The most surefire way to get QEMU working is to build QEMU from its source. To do so, enter the following commands in a command line environment:

  1. git clone git://git.qemu-project.org/qemu.git (The git link here is provided by the QEMU download page)
  2. cd qemu
  3. git submodule init
  4. git submodule update --recursive (Credit for steps 3,4 and 5)
  5. git submodule status --recursive
  6. git checkout stable-2.6 (As of writing this, the stable branch version is 2.6. Change 2.6 to the number of current stable version when you are applying these steps)
  7. mkdir build
  8. cd build
  9. ../configure (If you want to build QEMU only for a specific target (say, only for 32-bit x86) instead of for all targets, use ../configure --target-list=i386-softmmu instead)
  10. make

NOTE: All these steps should work seamlessly on all platforms, except for the step 9 on Windows. To get step 9 working on Windows, you need MinGW or a similar solution. That is, to get this working on Windows, you need MinGW (or a similar solution).

You may find platform specific instructions on compiling QEMU from source here.

Installing QEMU-KVM

QEMU by itself isn't very fast, as it does a lot of emulation even when running on the hardware compatible with the guest operating system. To make it perform better, QEMU has a kernel module called KVM that allows much of the guest OS's code to run directly on the host processor when running on x86 or x86-64 processors with virtualisation extensions under GNU/Linux. For example, if the host is x86 GNU/Linux and the guest is Windows XP, then KVM can run most of the Windows XP code directly on the processor without emulation.

QEMU-KVM requires a GNU/Linux or BSD Unix host, and a CPU with virtualisation extensions -- either Intel VT or AMD-V. To determine whether your CPU has this support on GNU/Linux, run the following command from a shell:

egrep '(vmx|svm)' /proc/cpuinfo

If you get nothing back, your CPU does not support the required virtualisation extensions.

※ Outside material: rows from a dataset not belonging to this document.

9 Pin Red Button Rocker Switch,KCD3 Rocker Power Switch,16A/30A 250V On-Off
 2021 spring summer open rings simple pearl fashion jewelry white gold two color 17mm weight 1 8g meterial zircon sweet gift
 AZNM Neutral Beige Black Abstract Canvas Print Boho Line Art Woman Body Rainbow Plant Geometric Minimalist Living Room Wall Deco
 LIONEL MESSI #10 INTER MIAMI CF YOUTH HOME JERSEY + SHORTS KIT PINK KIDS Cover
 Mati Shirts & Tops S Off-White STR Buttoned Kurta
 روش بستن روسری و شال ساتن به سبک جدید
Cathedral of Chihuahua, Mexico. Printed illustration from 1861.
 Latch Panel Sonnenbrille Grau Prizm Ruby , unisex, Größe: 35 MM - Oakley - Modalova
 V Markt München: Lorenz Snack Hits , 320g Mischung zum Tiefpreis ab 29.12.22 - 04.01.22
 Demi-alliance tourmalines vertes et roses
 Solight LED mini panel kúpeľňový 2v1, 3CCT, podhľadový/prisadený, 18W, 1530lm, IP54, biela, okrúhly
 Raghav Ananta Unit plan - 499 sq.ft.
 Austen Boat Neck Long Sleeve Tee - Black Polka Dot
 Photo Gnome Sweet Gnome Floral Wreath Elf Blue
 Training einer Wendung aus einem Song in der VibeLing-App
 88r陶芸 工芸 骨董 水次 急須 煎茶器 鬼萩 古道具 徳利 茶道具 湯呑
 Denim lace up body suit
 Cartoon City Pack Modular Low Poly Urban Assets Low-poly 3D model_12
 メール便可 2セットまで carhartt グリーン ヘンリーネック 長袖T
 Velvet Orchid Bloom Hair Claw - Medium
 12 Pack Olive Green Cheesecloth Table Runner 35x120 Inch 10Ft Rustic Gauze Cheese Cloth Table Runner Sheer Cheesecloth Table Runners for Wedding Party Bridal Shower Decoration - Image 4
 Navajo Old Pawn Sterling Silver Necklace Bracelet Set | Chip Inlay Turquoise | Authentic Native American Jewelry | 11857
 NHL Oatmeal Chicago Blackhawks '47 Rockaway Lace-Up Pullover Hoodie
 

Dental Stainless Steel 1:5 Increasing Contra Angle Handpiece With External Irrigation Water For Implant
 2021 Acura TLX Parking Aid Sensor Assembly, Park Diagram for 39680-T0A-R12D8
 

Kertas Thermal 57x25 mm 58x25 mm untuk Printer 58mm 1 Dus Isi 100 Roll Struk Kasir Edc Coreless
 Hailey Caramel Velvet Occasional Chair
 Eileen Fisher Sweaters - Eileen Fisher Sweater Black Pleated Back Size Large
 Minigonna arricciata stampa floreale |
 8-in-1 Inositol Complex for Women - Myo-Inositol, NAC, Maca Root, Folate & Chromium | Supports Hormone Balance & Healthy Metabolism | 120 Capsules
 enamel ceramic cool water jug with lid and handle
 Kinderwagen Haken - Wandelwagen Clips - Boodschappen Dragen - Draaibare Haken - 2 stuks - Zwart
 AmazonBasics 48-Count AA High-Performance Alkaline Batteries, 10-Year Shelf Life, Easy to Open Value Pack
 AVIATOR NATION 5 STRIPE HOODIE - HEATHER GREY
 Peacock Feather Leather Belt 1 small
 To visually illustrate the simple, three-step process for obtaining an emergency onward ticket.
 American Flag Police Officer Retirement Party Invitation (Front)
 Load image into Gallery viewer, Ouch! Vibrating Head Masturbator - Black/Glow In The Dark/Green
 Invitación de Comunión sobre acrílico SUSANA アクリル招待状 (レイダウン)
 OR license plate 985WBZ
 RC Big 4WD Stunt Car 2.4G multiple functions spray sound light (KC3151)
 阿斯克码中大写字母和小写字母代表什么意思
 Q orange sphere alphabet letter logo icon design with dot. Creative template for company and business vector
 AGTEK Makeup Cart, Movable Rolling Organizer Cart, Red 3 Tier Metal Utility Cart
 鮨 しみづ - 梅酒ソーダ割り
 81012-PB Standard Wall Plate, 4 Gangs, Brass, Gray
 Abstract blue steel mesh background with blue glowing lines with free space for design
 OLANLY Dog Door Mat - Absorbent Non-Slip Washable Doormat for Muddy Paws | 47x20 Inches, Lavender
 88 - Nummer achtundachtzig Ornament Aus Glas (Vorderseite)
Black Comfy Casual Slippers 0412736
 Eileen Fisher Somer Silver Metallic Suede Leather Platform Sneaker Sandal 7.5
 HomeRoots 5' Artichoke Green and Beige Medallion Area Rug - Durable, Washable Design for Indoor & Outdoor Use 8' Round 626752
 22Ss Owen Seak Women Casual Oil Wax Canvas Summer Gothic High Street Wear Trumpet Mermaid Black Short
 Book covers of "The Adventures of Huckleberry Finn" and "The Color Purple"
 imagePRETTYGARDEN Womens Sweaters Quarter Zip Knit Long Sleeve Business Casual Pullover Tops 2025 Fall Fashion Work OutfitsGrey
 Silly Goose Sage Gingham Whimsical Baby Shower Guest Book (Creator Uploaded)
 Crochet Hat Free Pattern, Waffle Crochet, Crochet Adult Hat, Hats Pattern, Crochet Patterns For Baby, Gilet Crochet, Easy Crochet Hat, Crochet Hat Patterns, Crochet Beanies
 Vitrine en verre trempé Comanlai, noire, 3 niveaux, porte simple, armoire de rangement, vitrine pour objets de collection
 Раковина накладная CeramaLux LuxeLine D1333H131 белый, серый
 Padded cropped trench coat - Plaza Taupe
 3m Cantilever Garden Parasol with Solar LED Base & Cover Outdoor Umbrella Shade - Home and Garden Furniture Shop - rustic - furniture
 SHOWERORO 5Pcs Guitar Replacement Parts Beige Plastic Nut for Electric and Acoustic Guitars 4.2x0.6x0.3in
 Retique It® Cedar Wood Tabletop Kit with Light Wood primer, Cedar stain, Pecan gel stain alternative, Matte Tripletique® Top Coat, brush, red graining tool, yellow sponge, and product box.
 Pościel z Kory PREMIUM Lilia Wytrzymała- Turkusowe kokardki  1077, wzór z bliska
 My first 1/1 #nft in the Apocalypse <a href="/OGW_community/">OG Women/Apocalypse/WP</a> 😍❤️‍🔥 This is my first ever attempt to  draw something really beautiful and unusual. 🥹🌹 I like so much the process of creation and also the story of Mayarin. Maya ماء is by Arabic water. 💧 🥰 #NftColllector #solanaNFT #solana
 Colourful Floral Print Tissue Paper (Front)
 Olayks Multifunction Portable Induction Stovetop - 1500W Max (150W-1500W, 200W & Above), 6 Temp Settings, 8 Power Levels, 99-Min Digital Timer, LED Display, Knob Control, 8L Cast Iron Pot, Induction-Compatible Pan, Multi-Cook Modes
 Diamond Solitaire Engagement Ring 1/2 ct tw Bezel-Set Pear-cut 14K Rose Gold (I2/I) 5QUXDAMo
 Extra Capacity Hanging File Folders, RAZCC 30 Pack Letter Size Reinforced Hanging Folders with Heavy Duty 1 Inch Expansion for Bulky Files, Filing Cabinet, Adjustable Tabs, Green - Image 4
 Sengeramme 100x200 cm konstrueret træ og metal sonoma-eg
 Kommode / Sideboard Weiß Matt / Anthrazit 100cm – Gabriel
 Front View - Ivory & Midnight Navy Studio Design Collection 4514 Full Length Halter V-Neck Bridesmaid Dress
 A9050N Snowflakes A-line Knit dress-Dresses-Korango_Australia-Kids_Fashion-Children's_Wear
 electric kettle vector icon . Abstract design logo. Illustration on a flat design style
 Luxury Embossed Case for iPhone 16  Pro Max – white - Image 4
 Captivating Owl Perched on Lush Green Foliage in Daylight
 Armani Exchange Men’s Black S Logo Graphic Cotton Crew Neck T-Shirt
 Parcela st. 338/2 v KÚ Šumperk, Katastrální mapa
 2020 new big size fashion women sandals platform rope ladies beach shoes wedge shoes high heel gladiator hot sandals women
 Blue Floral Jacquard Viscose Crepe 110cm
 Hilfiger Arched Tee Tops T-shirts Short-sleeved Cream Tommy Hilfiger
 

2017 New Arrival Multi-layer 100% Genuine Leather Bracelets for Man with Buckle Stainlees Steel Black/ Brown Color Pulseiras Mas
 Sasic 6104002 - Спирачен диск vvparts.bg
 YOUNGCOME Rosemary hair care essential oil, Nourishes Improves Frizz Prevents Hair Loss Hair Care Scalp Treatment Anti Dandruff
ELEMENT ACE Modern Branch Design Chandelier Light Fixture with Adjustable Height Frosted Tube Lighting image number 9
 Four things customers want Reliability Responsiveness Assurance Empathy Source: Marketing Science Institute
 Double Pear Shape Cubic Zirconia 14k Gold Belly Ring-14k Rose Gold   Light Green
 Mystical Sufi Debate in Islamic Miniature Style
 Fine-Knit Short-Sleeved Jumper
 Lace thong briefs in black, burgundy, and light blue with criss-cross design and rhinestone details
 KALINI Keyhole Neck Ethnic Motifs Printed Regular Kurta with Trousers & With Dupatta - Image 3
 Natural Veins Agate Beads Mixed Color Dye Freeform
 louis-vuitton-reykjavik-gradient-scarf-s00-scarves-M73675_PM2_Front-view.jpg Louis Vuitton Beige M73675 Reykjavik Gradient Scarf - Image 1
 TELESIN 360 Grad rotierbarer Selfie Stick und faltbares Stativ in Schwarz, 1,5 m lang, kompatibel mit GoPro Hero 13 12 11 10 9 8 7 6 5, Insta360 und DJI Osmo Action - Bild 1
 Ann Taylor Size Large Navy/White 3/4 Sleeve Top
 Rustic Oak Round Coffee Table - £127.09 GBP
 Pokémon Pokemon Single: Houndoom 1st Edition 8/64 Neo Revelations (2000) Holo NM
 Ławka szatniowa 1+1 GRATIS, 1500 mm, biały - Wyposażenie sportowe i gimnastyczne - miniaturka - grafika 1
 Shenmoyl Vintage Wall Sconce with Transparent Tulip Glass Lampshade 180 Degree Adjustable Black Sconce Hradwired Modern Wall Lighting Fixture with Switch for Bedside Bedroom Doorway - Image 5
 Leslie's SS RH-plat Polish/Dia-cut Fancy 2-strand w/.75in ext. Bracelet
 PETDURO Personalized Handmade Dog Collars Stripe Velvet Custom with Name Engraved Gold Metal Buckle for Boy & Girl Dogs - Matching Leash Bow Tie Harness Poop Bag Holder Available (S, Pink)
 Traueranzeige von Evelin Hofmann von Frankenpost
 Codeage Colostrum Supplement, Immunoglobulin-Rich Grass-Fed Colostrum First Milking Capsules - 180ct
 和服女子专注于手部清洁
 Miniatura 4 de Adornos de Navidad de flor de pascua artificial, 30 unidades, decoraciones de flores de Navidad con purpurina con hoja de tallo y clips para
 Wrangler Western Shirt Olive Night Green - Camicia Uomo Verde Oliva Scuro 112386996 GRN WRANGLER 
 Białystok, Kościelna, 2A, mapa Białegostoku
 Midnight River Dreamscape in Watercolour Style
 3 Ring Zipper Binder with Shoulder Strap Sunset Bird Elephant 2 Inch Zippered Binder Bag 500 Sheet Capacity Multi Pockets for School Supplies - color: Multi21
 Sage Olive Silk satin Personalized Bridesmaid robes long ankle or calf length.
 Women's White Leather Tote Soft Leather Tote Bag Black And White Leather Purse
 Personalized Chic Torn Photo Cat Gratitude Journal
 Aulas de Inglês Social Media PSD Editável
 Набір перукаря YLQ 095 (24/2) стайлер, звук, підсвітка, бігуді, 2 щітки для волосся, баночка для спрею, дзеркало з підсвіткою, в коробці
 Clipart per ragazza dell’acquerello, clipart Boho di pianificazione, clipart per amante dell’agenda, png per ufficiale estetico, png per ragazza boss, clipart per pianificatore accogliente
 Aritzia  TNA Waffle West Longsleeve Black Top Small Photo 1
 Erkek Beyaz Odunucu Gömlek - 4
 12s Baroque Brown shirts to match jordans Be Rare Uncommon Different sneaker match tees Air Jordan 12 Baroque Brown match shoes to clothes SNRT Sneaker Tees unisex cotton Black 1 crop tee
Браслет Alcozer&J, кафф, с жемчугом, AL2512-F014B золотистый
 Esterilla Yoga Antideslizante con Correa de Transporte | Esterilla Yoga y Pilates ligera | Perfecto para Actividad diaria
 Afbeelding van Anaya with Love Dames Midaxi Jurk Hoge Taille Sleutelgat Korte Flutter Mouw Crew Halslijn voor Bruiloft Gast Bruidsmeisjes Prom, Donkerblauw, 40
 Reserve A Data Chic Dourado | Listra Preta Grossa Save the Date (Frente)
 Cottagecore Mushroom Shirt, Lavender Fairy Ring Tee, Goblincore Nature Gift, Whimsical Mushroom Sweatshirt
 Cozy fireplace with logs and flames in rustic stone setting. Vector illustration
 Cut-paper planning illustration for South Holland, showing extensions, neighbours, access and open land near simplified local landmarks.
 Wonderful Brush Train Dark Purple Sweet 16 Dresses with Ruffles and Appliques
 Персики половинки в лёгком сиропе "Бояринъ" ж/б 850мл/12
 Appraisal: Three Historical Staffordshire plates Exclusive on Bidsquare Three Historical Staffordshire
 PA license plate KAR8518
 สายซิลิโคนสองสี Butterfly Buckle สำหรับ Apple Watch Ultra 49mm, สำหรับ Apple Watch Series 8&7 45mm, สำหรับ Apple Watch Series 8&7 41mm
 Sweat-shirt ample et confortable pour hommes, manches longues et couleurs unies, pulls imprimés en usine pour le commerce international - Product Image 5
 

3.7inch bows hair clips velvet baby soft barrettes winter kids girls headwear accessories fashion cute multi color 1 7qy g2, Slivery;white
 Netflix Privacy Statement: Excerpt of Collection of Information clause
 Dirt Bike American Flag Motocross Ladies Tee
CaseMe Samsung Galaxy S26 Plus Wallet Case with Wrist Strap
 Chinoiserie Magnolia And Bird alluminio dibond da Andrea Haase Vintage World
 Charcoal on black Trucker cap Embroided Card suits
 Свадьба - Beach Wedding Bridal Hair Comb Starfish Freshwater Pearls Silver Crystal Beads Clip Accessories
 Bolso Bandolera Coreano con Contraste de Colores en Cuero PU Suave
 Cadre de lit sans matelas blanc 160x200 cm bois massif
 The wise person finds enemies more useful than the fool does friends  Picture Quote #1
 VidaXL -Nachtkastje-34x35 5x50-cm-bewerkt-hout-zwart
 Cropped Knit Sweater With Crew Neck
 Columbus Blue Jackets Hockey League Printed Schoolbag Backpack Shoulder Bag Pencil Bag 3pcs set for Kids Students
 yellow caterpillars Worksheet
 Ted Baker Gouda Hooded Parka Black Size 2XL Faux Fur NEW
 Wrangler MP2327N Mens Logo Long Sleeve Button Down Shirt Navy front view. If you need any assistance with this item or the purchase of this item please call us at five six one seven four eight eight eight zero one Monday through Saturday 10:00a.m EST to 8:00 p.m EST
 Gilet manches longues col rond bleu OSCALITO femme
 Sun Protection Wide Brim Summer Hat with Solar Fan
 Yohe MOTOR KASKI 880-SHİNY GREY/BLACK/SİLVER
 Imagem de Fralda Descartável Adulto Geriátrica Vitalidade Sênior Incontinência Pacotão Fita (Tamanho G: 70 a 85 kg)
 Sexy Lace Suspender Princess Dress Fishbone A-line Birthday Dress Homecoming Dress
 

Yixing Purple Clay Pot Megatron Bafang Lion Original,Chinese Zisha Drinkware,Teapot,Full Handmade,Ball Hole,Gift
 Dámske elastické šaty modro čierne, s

Many modern GNU/Linux distros have simple installation processes based on package repositories. It is often best to use the repository approach for installing QEMU-KVM, as you can be confident that QEMU-KVM will just install and run. Here are some common GNU/Linux distros and their QEMU-KVM install commands:

Distribution Install command
Fedora [1] yum install @virtualization or yum install qemu-kvm
Debian [2] apt-get install kvm qemu-kvm libvirt-bin
SUSE yast -i kvm

More details are available on the KVM website. If you can't install QEMU-KVM from a package repository, go to the QEMU-KVM website and download the latest source code and follow the instructions given.

Notes

  1. 1 2 Also valid for other RPM-based distributions (e.g. RedHat, CentOS).
  2. 1 2 Also valid for other dpkg-based distributions (e.g. Ubuntu, Mepis, Mint).